Saqué del bolsillo el cheque y, sin mirar la cantidad, se lo entregué a Yei. Éste, al verlo, sacudió la cabeza.

—Esto es un montón de dinero. Me da en la nariz que su origen no es nada claro.

—Has dado en el clavo, ciertamente.

—Pero será largo de contar, ¿no?

Me reí.

—Te lo voy a dejar en depósito. Mételo en la caja fuerte del establecimiento.

—¡Como si yo tuviera caja fuerte!

—Basta con que lo guardes en la caja registradora.

—Te lo guardaré en mi caja de seguridad del banco —dijo Yei, algo turbado—. Pero ¿qué vas a hacer con esto?

—Dime, Yei: Cuándo te mudaste a este local, gastaste mucho dinero, ¿no?

—Muchísimo.

—¿Tienes deudas?

—Claro.

—Con lo que hay en el cheque, ¿podrías cancelarlas?

—Y sobraría algo. Pero…

—¿Qué te parece si por esa cantidad nos haces al Ratón y a mí socios honorarios? No tienes que darnos dividendos ni intereses. Basta con el nombre.

—Pero yo no podría consentirlo.

—Venga, déjate querer. A cambio, cuando el Ratón o yo tengamos algún problema, basta con que entonces nos des refugio.

—¿No lo he venido haciendo siempre, hasta ahora?

Me quedé mirando fijamente a Yei, sin soltar mi vaso de cerveza.

—Lo sé —le dije—. Pero quiero hacerlo así.

Yei se rió, y se metió el cheque en el bolsillo del delantal.

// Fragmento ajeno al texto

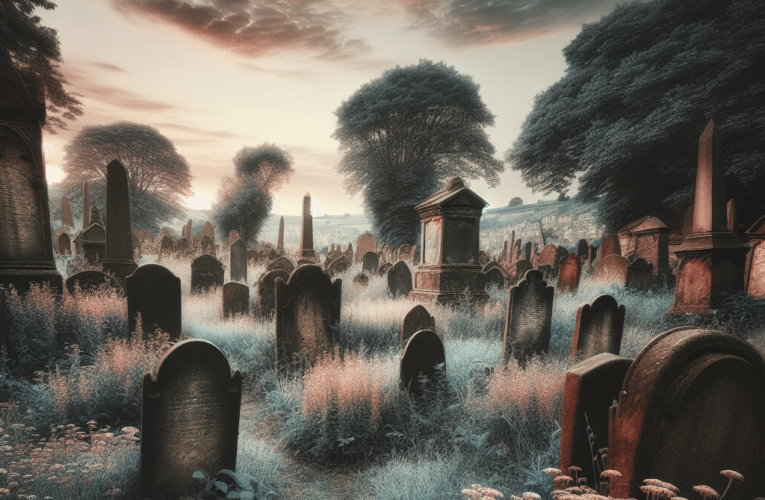 Jak zaplanować budowę grobowca: praktyczne kroki porady i istotne informacje для osób planujących pochówki rodzinne?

—Todavía recuerdo tu primera borrachera. ¿Cuántos años hará de eso?

—Trece años.

—¿Ya ha pasado tanto tiempo?

Yei, cosa rara en él, se pasó media hora hablando del pasado. Cuando empezaron a entrar clientes, desperdigadamente todavía, me incorporé.

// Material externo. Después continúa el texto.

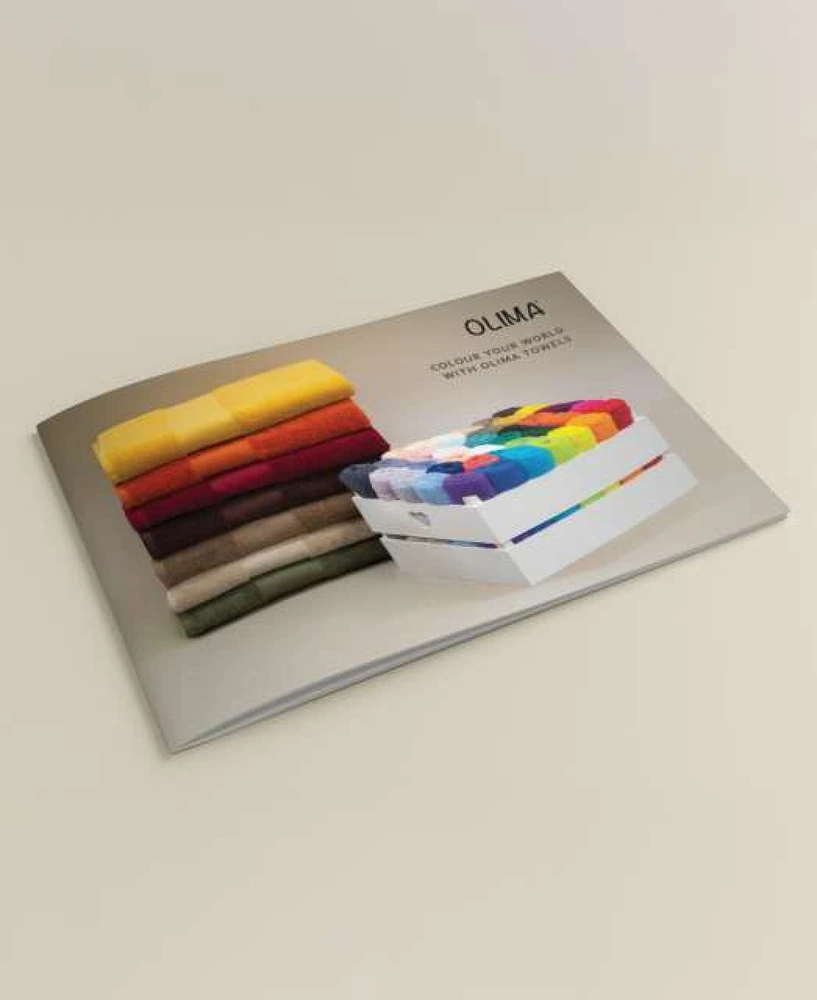 OLIMA BROCHURE • Olima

—¡Pero si no has hecho más que llegar! —exclamó Yei.

—Los niños bien educados no dan la lata más de la cuenta —le respondí.

—Te encontrarías con el Ratón, ¿no?

Apoyadas en la barra mis dos manos, respiré muy hondo.

—Me lo encontré.

—También eso será largo de contar.

—Más largo que nada que hayas oído contar en tu vida.

—¿Y no me lo podrías resumir?

—Es que, con un resumen, te ibas a quedar en ayunas.

—¿Estaba bien?

—Estupendamente.

—Volveré a verle, ¿verdad?

—Claro que sí. Sois socios en el negocio, ¿no? Ese dinero lo hemos reunido entre los dos, el Ratón y yo.

—Me has dado un alegrón.

Bajé del taburete junto a la barra e inhalé el aire entrañable del local.

—A propósito, ya que soy tu socio, me gustaría ver por aquí máquinas tragaperras y gramolas.

—La próxima vez que vengas, ya estarán instaladas —respondió Yei.

Anduve bordeando el río hasta su desembocadura, y al llegar a los últimos cincuenta metros, ya de playa, me senté. Estuve llorando durante dos horas. No había llorado tanto desde que nací. Tras esas dos horas de llanto, conseguí incorporarme. No sabía adónde ir, pero me puse en pie y sacudí la arena que se me había adherido al pantalón.

Ya había oscurecido. Al echar a andar, escuché a mi espalda el murmullo de las olas.